Work to complete -> Beneath this line are entries. Copy the range from the line with "Hey guys, welcome" to the line with "Rethink Learning Commons", ends included, exactly; leave pictures out.

Exercise data ->
·····
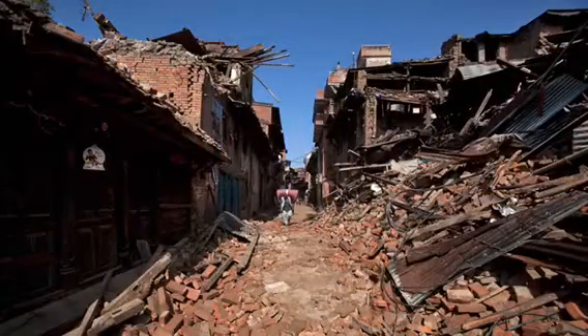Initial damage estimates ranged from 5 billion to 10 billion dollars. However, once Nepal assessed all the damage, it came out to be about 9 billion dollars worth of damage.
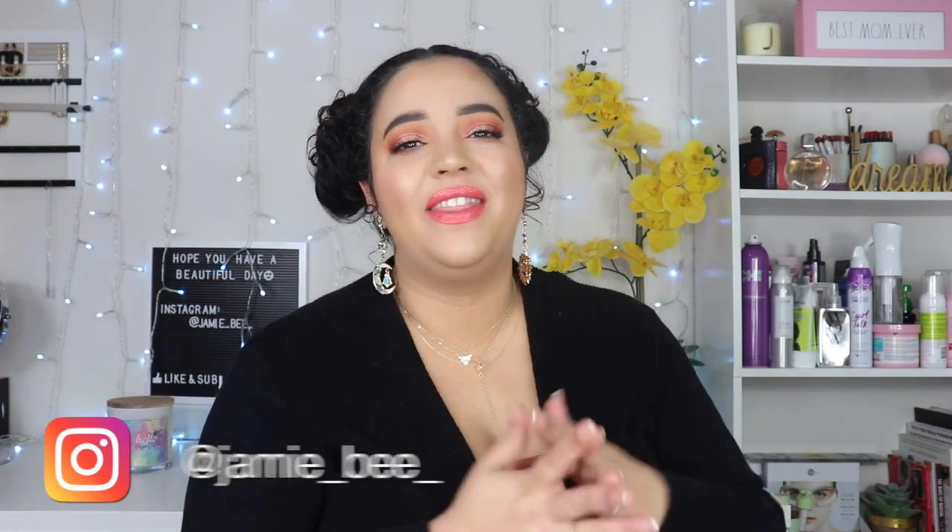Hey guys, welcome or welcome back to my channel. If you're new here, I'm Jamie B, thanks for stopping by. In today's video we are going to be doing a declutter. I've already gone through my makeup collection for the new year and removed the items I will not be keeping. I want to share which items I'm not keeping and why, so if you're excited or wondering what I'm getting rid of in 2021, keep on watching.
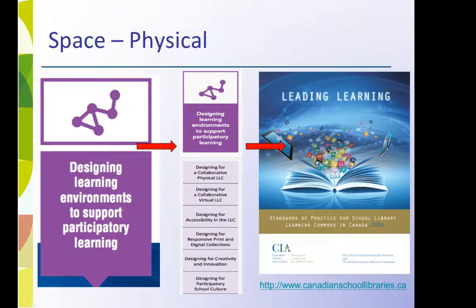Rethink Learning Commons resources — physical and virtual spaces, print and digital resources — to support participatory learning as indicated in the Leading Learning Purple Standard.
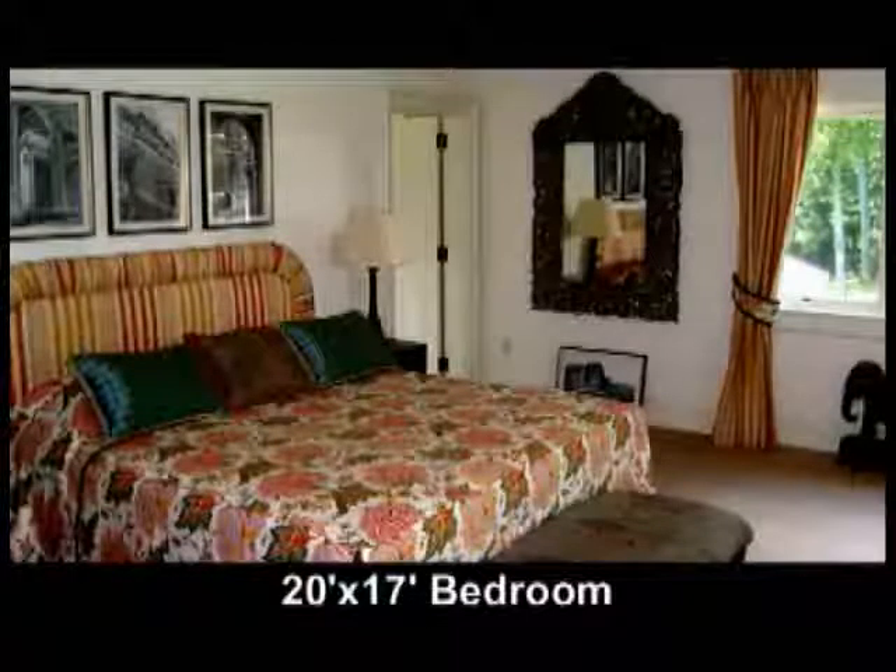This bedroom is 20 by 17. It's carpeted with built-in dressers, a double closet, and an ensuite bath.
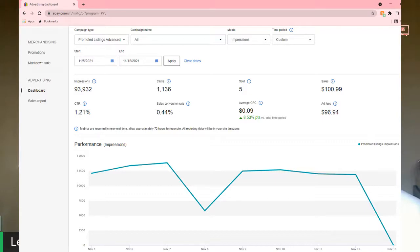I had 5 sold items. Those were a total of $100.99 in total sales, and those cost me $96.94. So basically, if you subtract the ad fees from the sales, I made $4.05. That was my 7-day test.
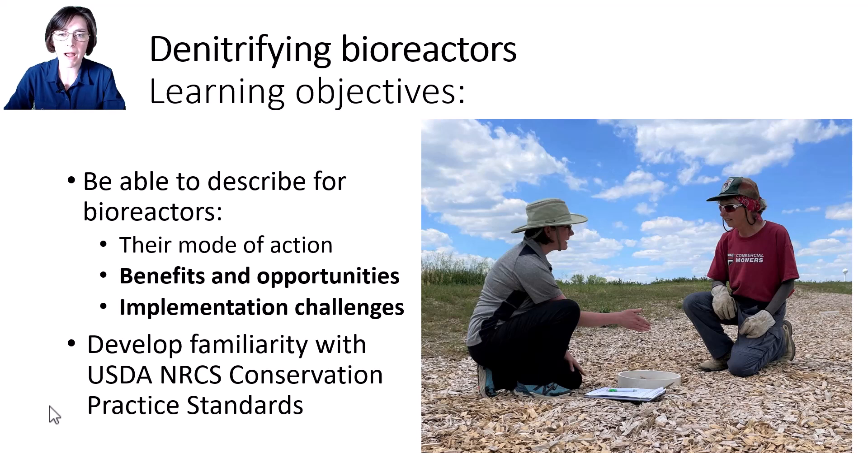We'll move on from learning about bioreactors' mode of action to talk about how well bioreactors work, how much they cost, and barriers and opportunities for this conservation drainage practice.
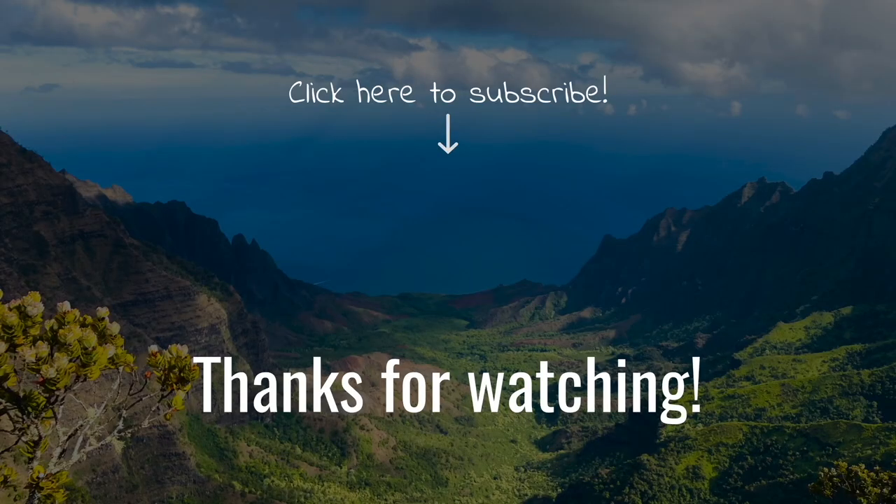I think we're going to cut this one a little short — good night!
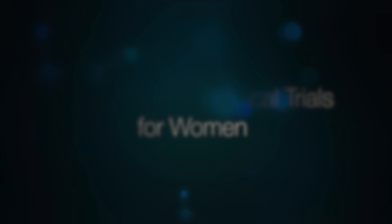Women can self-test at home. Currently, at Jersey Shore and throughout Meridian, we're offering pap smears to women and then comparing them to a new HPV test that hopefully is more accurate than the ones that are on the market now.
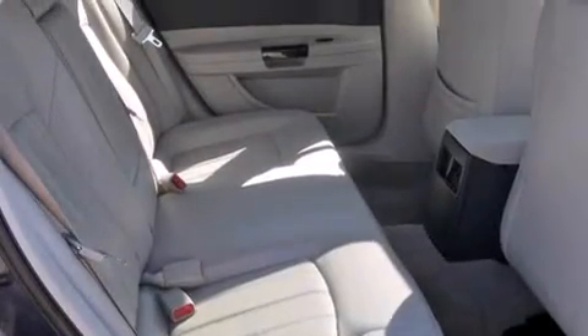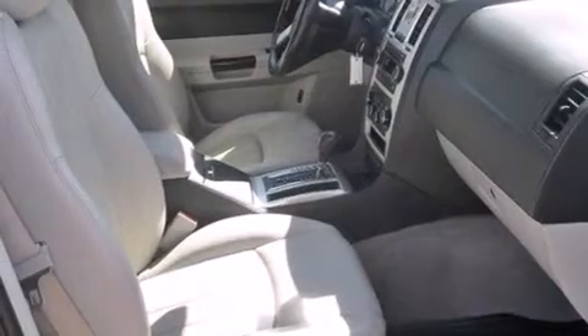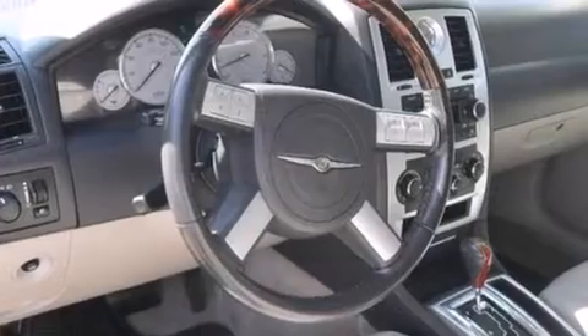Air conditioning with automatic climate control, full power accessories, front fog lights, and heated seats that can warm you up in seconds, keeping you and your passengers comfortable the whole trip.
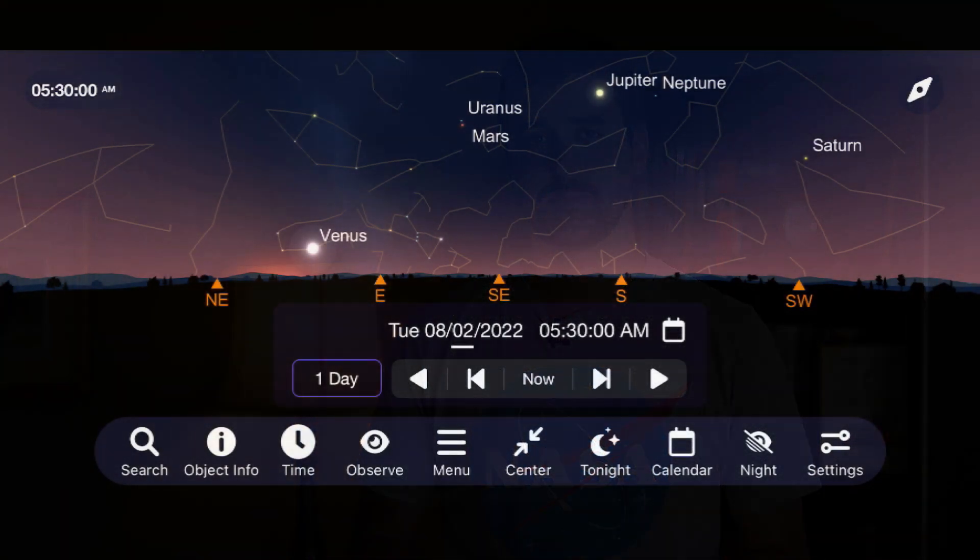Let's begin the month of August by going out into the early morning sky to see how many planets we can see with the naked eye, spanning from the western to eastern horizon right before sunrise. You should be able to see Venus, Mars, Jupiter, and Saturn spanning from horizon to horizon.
·····
Expected answer ->
Hey guys, welcome or welcome back to my channel. If you're new here, I'm Jamie B, thanks for stopping by. In today's video we are going to be doing a declutter. I've already gone through my makeup collection for the new year and removed the items I will not be keeping. I want to share which items I'm not keeping and why, so if you're excited or wondering what I'm getting rid of in 2021, keep on watching.
Rethink Learning Commons resources — physical and virtual spaces, print and digital resources — to support participatory learning as indicated in the Leading Learning Purple Standard.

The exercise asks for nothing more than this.